Writing Tips For Article Marketing

Online article marketing has become a very popular marketing technique. But many newcomers are wondering why their articles are often not producing any results. In most cases it is because they are not observing some of the most fundamental rules for article marketing writing. The following is a concise list of points you need to take into account when writing for article marketing.

First, it is clear that in order to direct a lot of traffic to the landing page of your website, you will need to write a lot of articles. The more you have unique articles related to the product or service you are promoting, the more people will have a chance to stumble upon these articles when they search for the associated keyword in Google. Uniqueness of the article is very important for article marketing, as Google could penalize duplicate articles.

Second, your article should have a structure. It should have a title, an introduction, a few content paragraphs, and a conclusion. A successful text for article marketing should have about 500 words. Articles that are too short will not appear as very serious, where as very long articles will discourage people from reading them until the end where you usually drop your the link to your website.

Third, for article marketing campaigns to be successful, each article you write should be based on a targeted keyword phrase. For example, if someone is looking for information on training poodles, he might use the keyword “how to train poodles” to search in Google. You should make sure your candidate keyword gets enough traffic and that competition from other websites targeting the same keyword is not too high.
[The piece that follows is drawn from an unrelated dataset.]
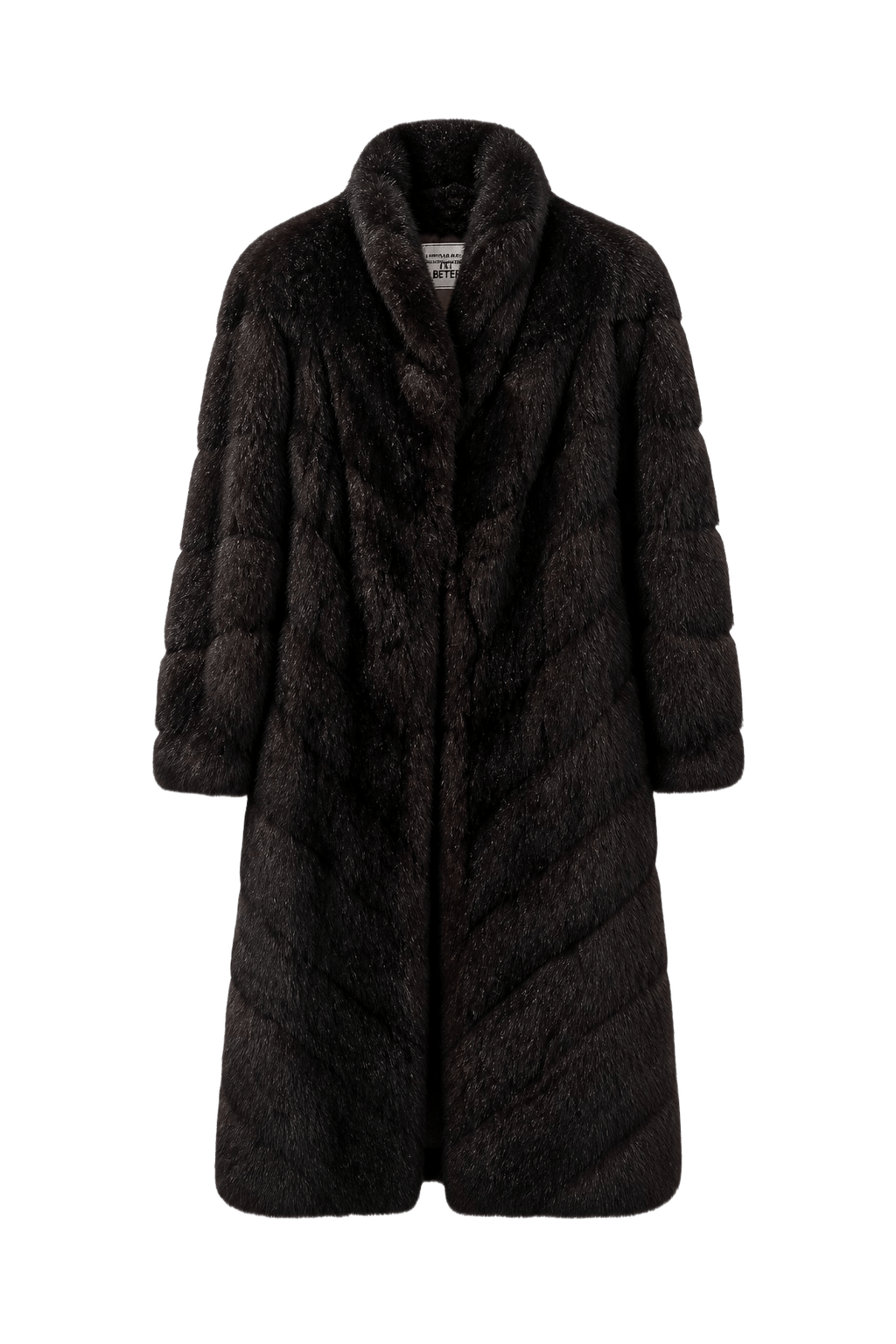 1980s Dark Brown Mink Fur Coat - Front View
You should be using the keyword in the title of the article, in the introduction, in the conclusion, and within the body of the article. The keyword usage should represent about 2% of all the words in the article. Also wording your title in the form of a question evoking a solution to a particular problem could be a good way to retain the attention of the reader.

Fourth, your article should be easy and fun to read. If the reader wanted to find a formal, complicated and boring description of what he is looking for, he would have searched Wikipedia or other similar websites. You should keep in mind that if you were searching for something on the web you would probably type in something simple, clear and direct describing what you are searching, and you would hope for a simple, clear, direct, interesting, relevant and concise response. Some humor would not hurt either. A good guideline to get your readers to relate much easier to your article content is writing as though you were talking to a friend or member of your family. Writing in the first person (using term such “I” and “myself”, etc.) would also help achieve that.

Finally, you will need to include into your article the link to your website or the direct link to the merchant of the product or service you are promoting, if the directory you are submitting to allows it.

Make sure that the keyword is used in the link anchor, and try to word the anchor in a way that arouses the curiosity of the reader. It is also good practice to insert the link a second time if the directory allows it, using the “http://www.yourdomain.com” form, so that if the article is copied the link address does not get lost.

Following the above recommendations you will find that they are indeed very beneficial for article marketing as they will surely help your articles contribute to the success of your online marketing campaigns.